Baseball, diesmal die Grossen


CIF sind also heute zum erstenmal einem all-American Wochenendvergnuegen nachgegangen und haben eines der Minor-League Baseball Games im Norfolker Stadion besucht. Was hat CIF dazu gebracht, um ehrlich zu sein, weniger das Interesse am Baseball, als vielmehr die simple Tatsache, dass sie von Bekannten von diesen ungenutzte Karten fuer das Spiel der Norfolk Tides gegen die Charleston Knights erhalten hatten. Bei der Minor League handelt es sich prinzipiell um eine 2. Bundesliga innerhalb des amerikanischen Baseball, wobei die Major League der 1. Bundesliga entsprechen wuerde, oder eben kurz gesagt, um reinen Profisport.
Grundsaetzlich sah es dann auch alles nicht allzu anders aus, als in einem Stadium der Bundesliga, wenn man dann einmal davon absieht, dass es statt Bratwuerstchen Hot-Dogs gibt und dass statt Vaetern und Soehnen mindestens ebenso haeufig ganze Familien anzutreffen waren. Im Prinzip also ein durchaus nettes Familienevent, wenn es denn nicht ausgerechnet Baseball gewesen waere. Wie CIF seit Fs Aktivitaeten in der Little League wissen, hat der Sport ja durchaus seinen eigenen Charme, doch als Stadionevent ist er bis zu einem gewissen Grad eher untauglich, auch wenn jetzt alle Amerikaner laut aufschreien wuerden.
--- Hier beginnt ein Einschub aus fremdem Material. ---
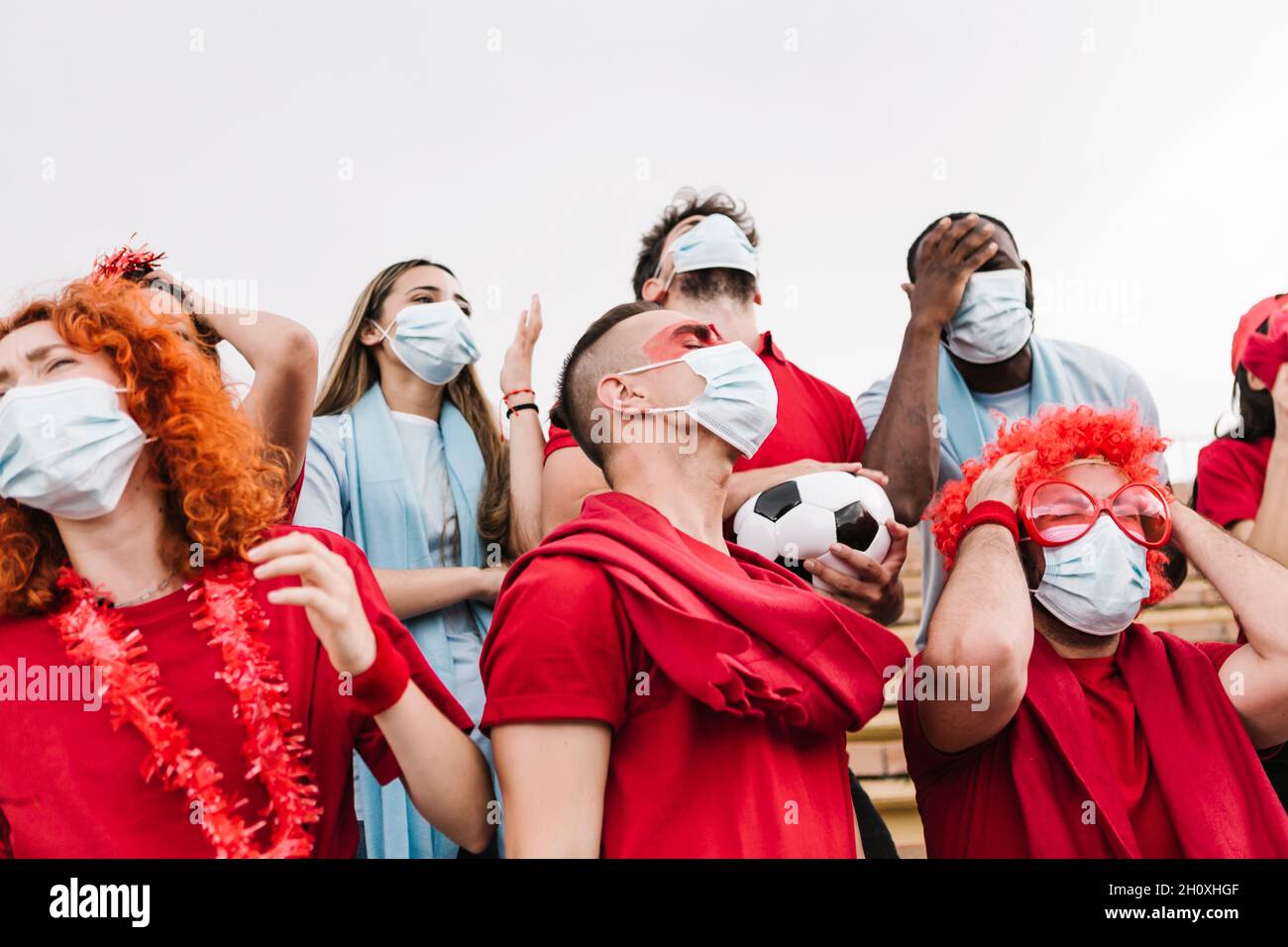 Frustrated group of multiracial soccer fans in protective face mask watching their football team losing - Focus on man in the center Stock Photo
Statt mehr oder minder ausgekluegelter Spielzuege, die der Besucher nachvollziehen kann, werfen sich erwachsene Maenner einen kleinen harten Ball zu und es ergibt sich ueberhaupt nur dann ein Spielzug von einer gewissen Interessanz, wenn der Batter ausnahmsweise mal trifft, was vielleicht in einem von zehn Faellen vorkommt. Sofern dies nicht der Fall ist, steht die eine Mannschaft auf dem Spielfeld und wartet, dass sich ausnahmsweise etwas ereignet und von der anderen Mannschaft ist in der Regel ueberhaupt nur der Batter zu sehen. Wenn sich dann tatsaechlich mal ein interessanter Spielzug ereignet, ist er in der Regel auch schon wieder vorbei, noch ehe manuberhaupt begriffen hat, dass es ausnahmsweise mal etwas anderes zu sehen gibt, als Spieler die auf dem Feld stehen und darauf warten, dass sich endlich mal etwas ereignet.
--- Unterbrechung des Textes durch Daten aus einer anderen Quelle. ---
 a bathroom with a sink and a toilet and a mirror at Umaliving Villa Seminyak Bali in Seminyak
Kurz gesagt, zumindest C und I haben sich eher darueber geaergert, dass sie kein Buch dabei hatten, was durchaus nicht unueblich gewesen waere. Nach dem fuenften von ueber 13 innings sind CIF dann auch nach Hause gefahren und waren nicht die Ersten, die dies taten.
Immerhin sind ein paar schoene Bilder von dem vielleicht typischsten amerikanischen Sport neben Football herausgesprungen und CIF koennen wieder einen Punkt auf der all-American to-do list abhaken.
Bleibt aber dennoch festzustellen, dass es ein netter Abend fuer CIF war, wenn auch vielleicht weniger des Spiels selber wegen, als der netten Atmosphaere im Stadion.
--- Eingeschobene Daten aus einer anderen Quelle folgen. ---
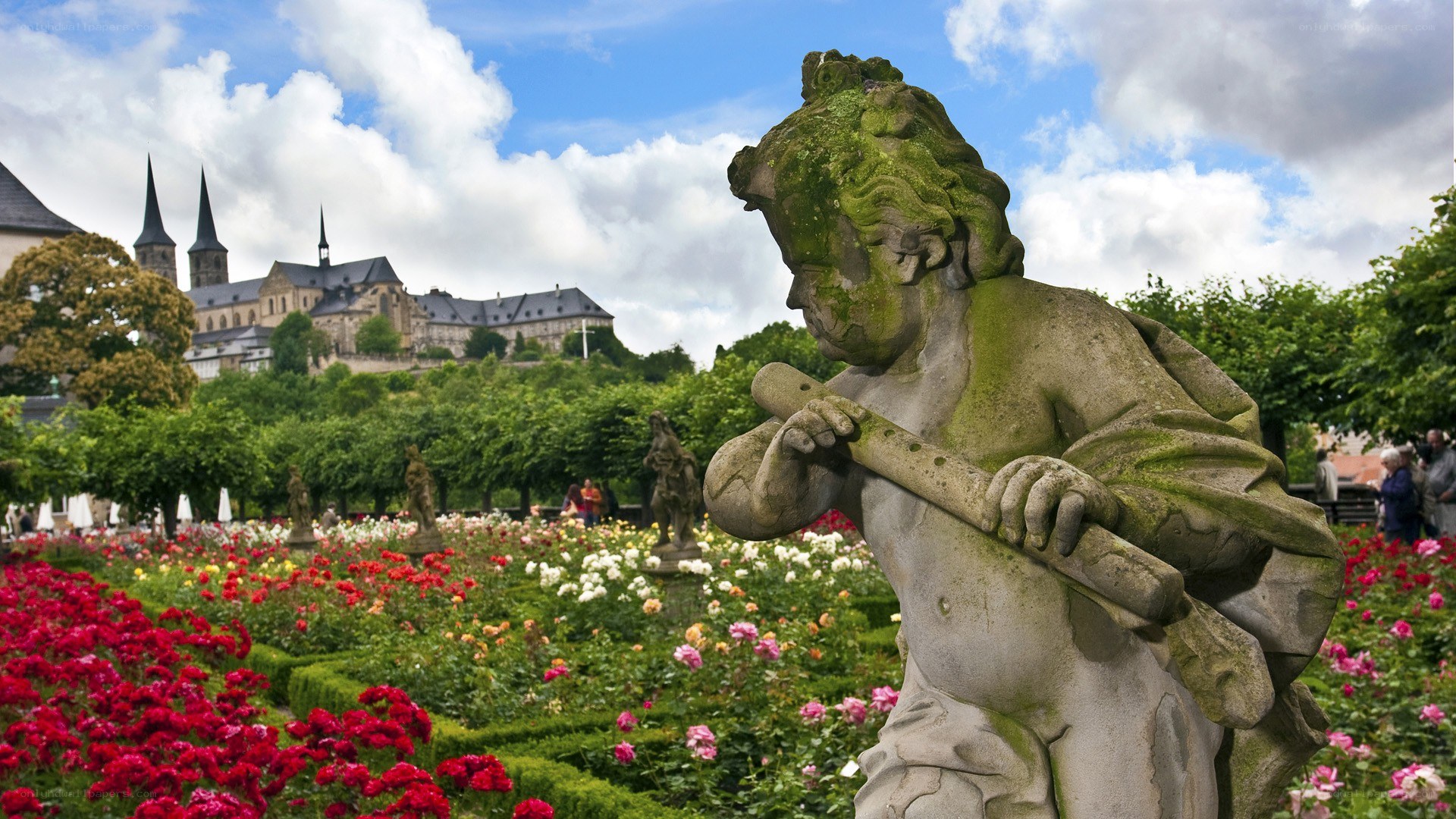 Cherub statue in rose garden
Donnerstag, 12. April 2012

100 Jahre TITANIC

In der Nacht vom 14. zum 15. April 1912 sank mit der RMS TITANIC einer der groessten Atlantikliner seiner Zeit und es kam zu einer der groessten Katastrophen der Schifffahrtsgeschichte des 20. Jahrhunderts. Dass das einhundertjaehrige Jubilaeum der Katastrophe sich nicht nur auf Veranstaltungen innerhalb der engen Welt der Schifffahrtsgeschichte beschraenken wuerde, stand von Anfang an fest, dass die RMS TITANIC es erneut auf die ersten Seiten der Medien schaffen wuerde, war ebenso ohne Zweifel, wie dass Schifffahrtsmuseen rund um den Globus dieses Ereignis nutzen wuerden, um fuer sich zu werben. Dennoch zeigt eine Aktion des Mariners‘ Museum in Newport News, VA, dass sich hier in den USA manche Dinge seit der Zeit der TITANIC eben nicht geaendert haben: Fuer ein Dinner im Stil der First Class der RMS TITANIC am Abend des Jubilaeums des Unterganges werden rund 250,--US$ Eintritt pro Person genommen und fuer dasselbe Dinner im Stil des Zwischendecks noch immer rund 175,--US$.
250,--US$ pro Person fuer ein Dinner sind dann einfach ein klein wenig zuviel fuer CI und so muss die RMS TITANIC ohne uns untergehen...
CI stellen sich da glatt die Frage, wo es mit dem Ideal der USA als klassenlose Gesellschaft hingekommen ist und ob die USA die viel von hier kritisierte europaeische Klassengesellschaft nicht einfach durch eine Gesellschaft ersetzt haben, in der Geldadel genau dieselbe Rolle einnimmt, wie Adel in den viel kritiserten europaeischen Gesellschaften, von denen man sich so deutlich abzusetzen versuchte und noch immer versucht.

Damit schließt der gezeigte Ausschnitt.